May 2, 2023 | Read Time: 5  minutes

Resource-strapped hospice leaders are looking for tools that alleviate clinician burnout by streamlining workflows and building additional point-of-care functionality. Slow vendor development on this front has led to an overall decline in customer satisfaction. This report dives into how well hospice vendors meet provider organizations’ needs, including delivery of value, development progress, and support for when patients go through a transition of care.

MatrixCare, WellSky Hospice & Palliative Best Supporting Independent Hospice; Epic Meeting Health System–Owned Hospice Needs

overview of hospice vendors

Netsmart and Homecare Homebase Development Misaligned with Clinician Goals

meets hospice needs vs delivery of new technology

Hospice organizations rarely feel like their vendor truly understands hospice-specific workflows, impacting both how clinicians operate in the system and how billing works. Across vendors, customers want more hospice-specific functionality. Netsmart and Homecare Homebase customers report little engagement from vendor leadership around hospice; this results in needed functionality not being prioritized, while maintenance updates also fall below client expectations.

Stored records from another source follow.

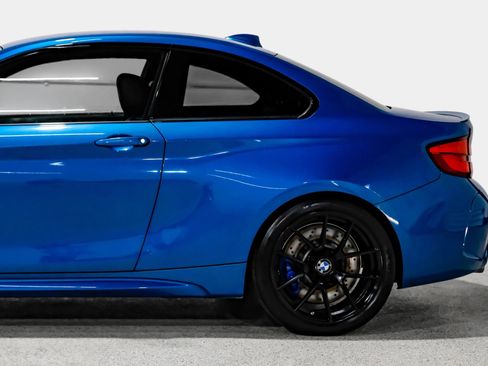 Used 2018 BMW M2 RWD image 11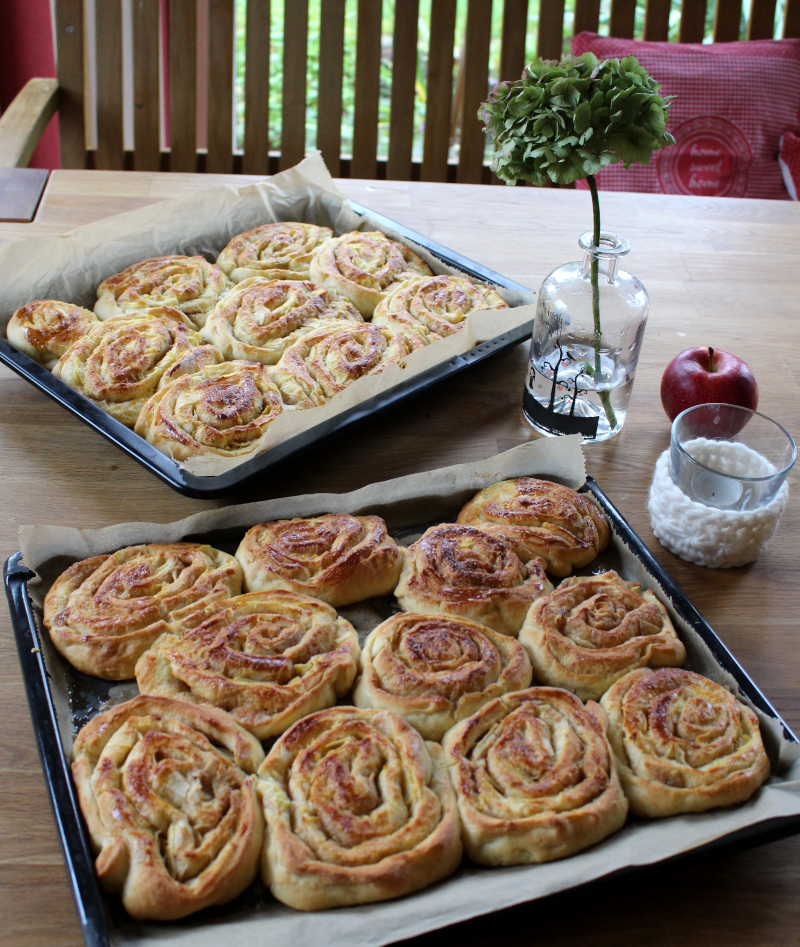 Zimtschnecken_mit_Kardamon_Äpfel08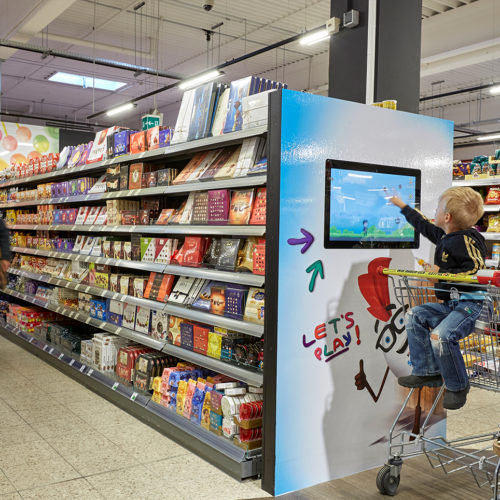 Ein Touchscreen in der Süßwarenabteilung sorgt für Unterhaltung bei den Jüngsten. (Foto: Rosendahl Fotografie)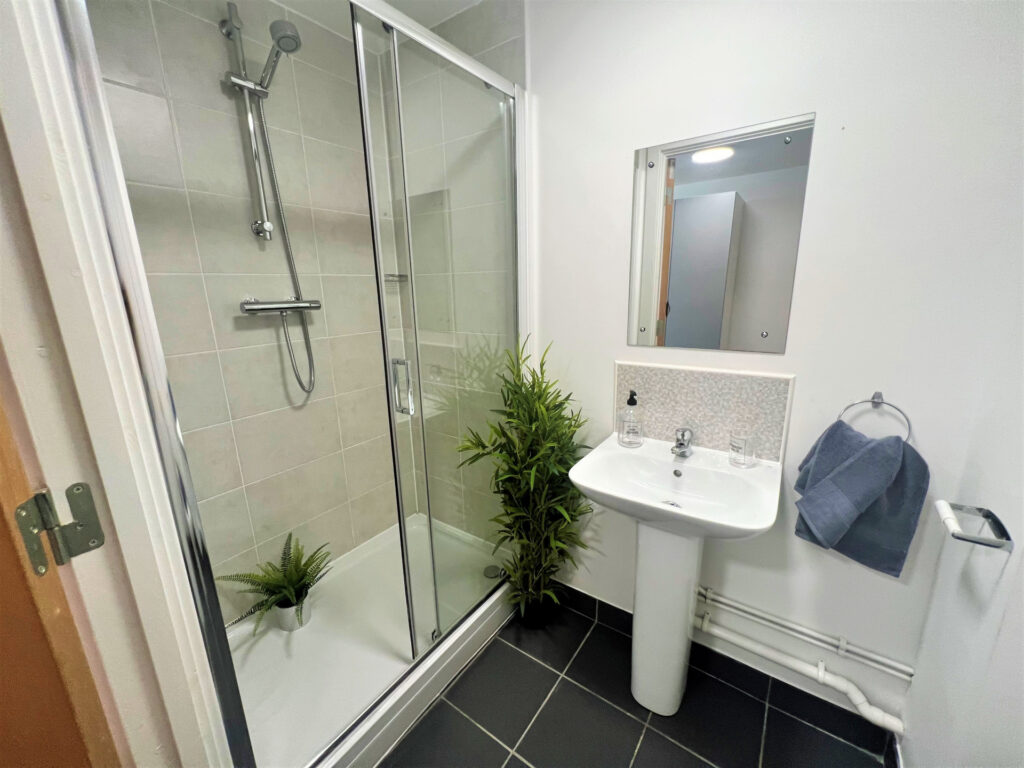 Classic En-Suite - image 7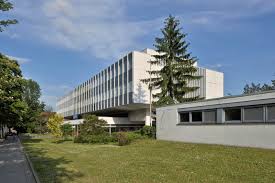 În decursul timpului, facultatea a beneficiat de prezența unor profesori iluștri, personalități marcante în domeniul biologiei, că: Institut Fur Biologie Einrichtungen Freie Universitat Berlin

Interviewed Netsmart customers highlight missing third-party integrations (e.g., wound care, referral management, at-home monitoring devices), which hinders collaboration among interdisciplinary care teams. Homecare Homebase customers want more developments outside of just regulatory needs. While they also want further enhancements, WellSky Hospice & Palliative (Consolo) users appreciate that the system was built specifically for hospice and better aligns with their needs, unlike others in the market that organizations describe as built primarily for home health.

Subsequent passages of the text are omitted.